▶ **What the task requires**: Leaving out the pictures, write the following records exactly as they read.

==================================================

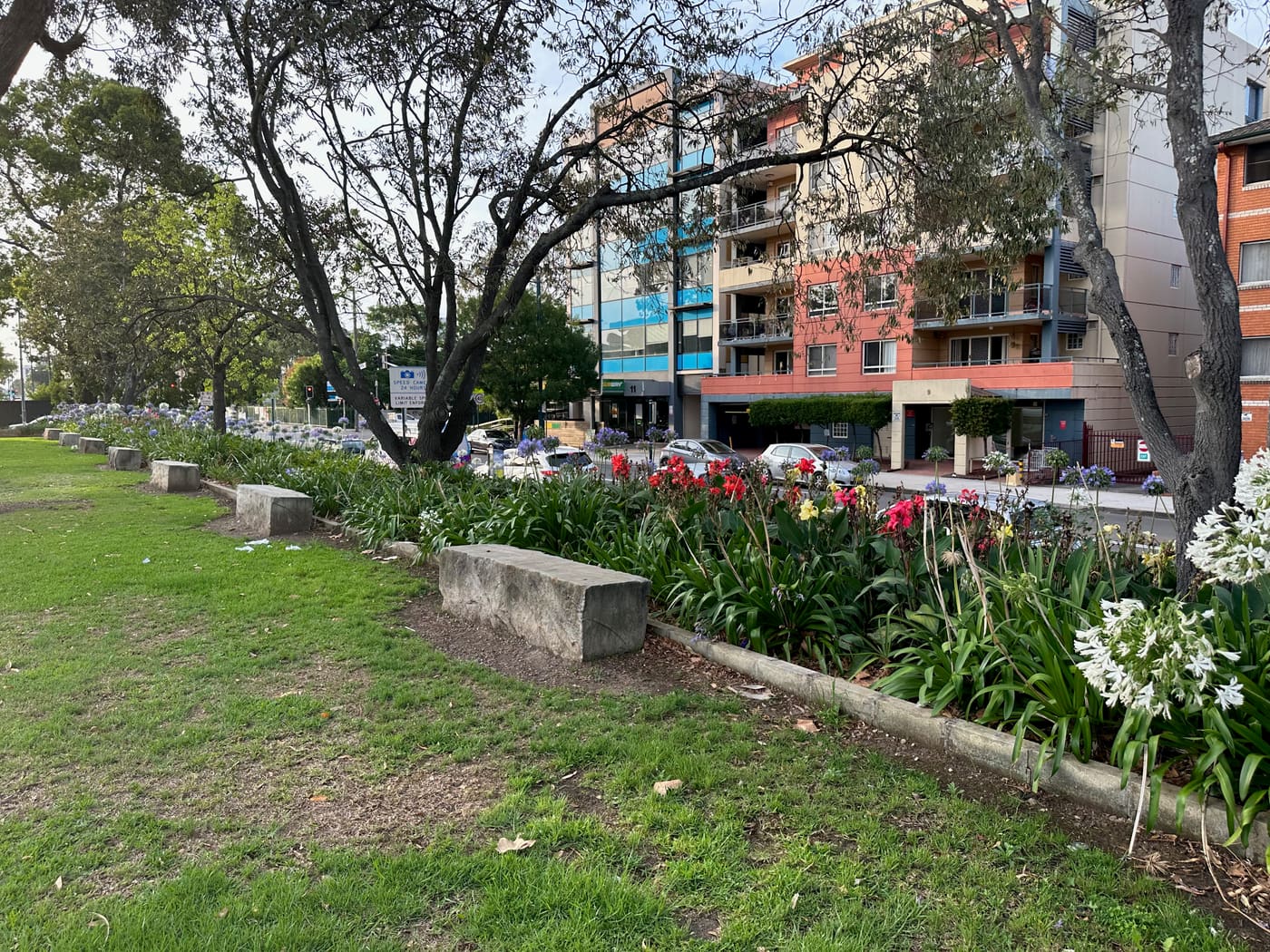 Avenue Planting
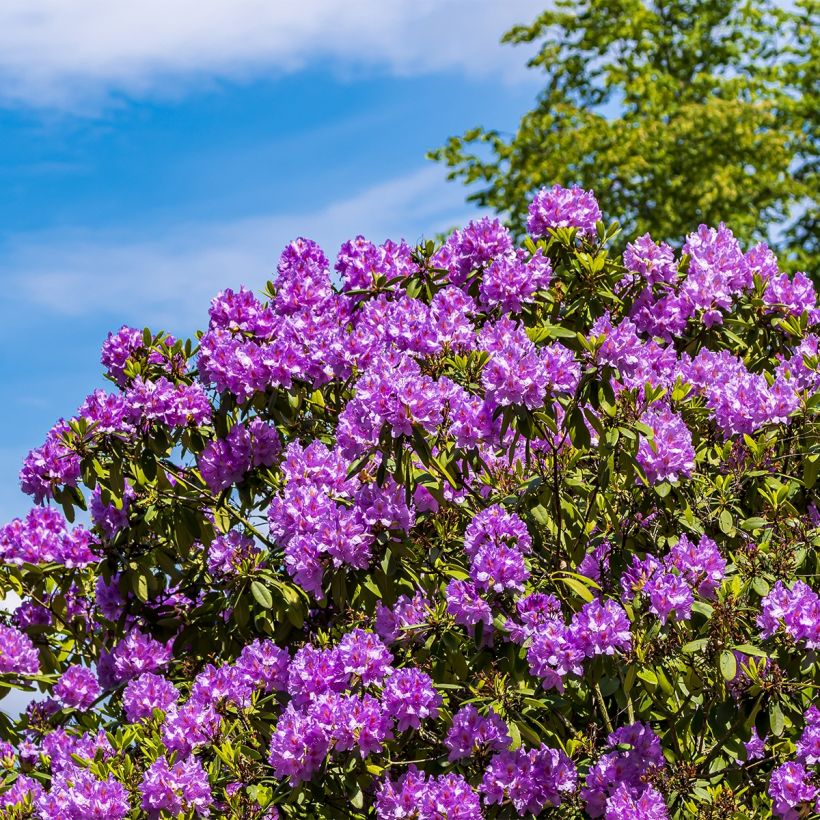 Rhododendron Red Eye (Hafen)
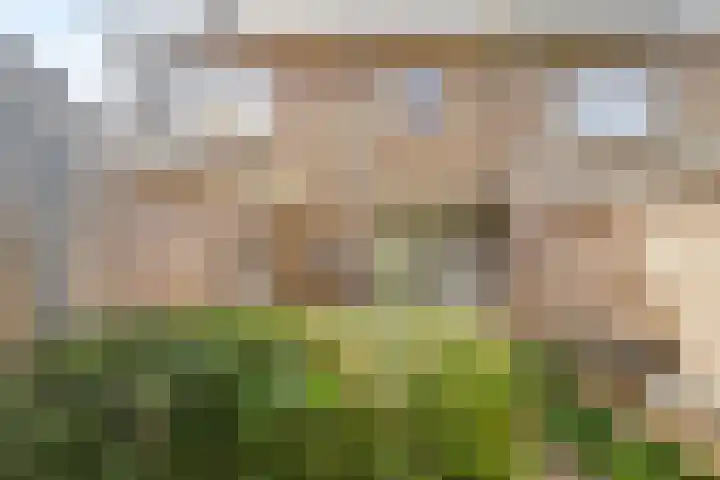 Detmoldstraat 72 Utrecht thumbnail 4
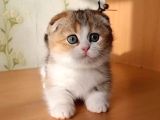 Kıvrık Kulaklı Golden Scottish Fold Shorthair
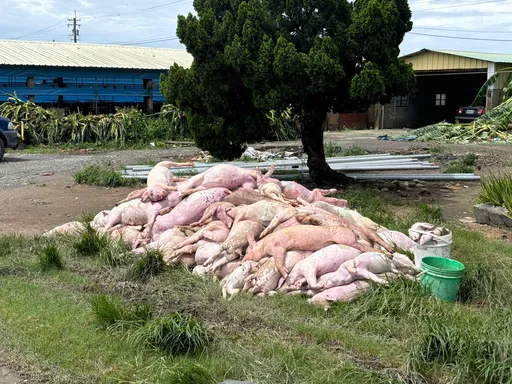 凱米颱風重創畜牧業!雞、豬慘死 立委籲國軍支援屍體清運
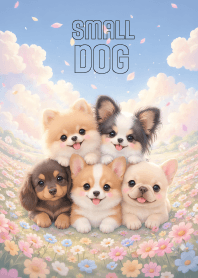 Kawiii Small Dog Gang In Flower
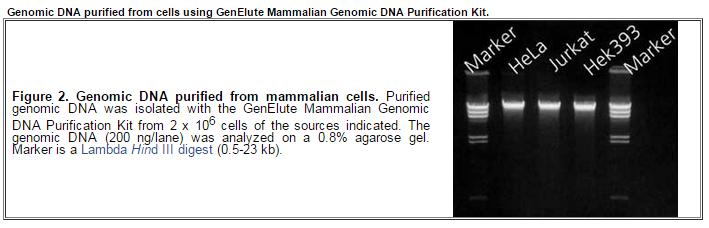 Kit-tinh-sach-DNA-GenElute-(1).png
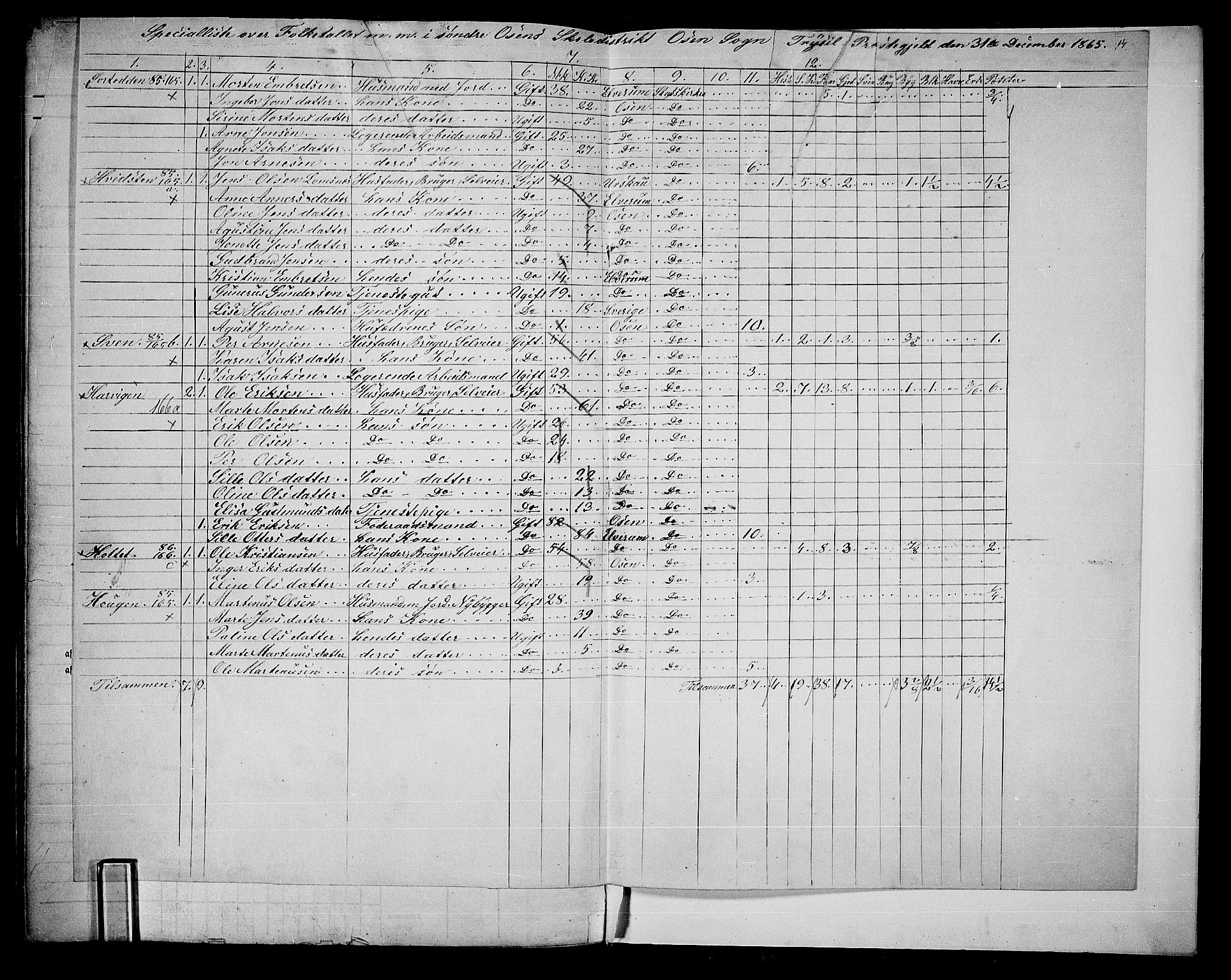 RA, 1865 census for Trysil, 1865, p. 178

==================================================

▶ **Task result**:
 Avenue Planting
 Rhododendron Red Eye (Hafen)
 Detmoldstraat 72 Utrecht thumbnail 4
 Kıvrık Kulaklı Golden Scottish Fold Shorthair
 凱米颱風重創畜牧業!雞、豬慘死 立委籲國軍支援屍體清運
 Kawiii Small Dog Gang In Flower
 Kit-tinh-sach-DNA-GenElute-(1).png
 RA, 1865 census for Trysil, 1865, p. 178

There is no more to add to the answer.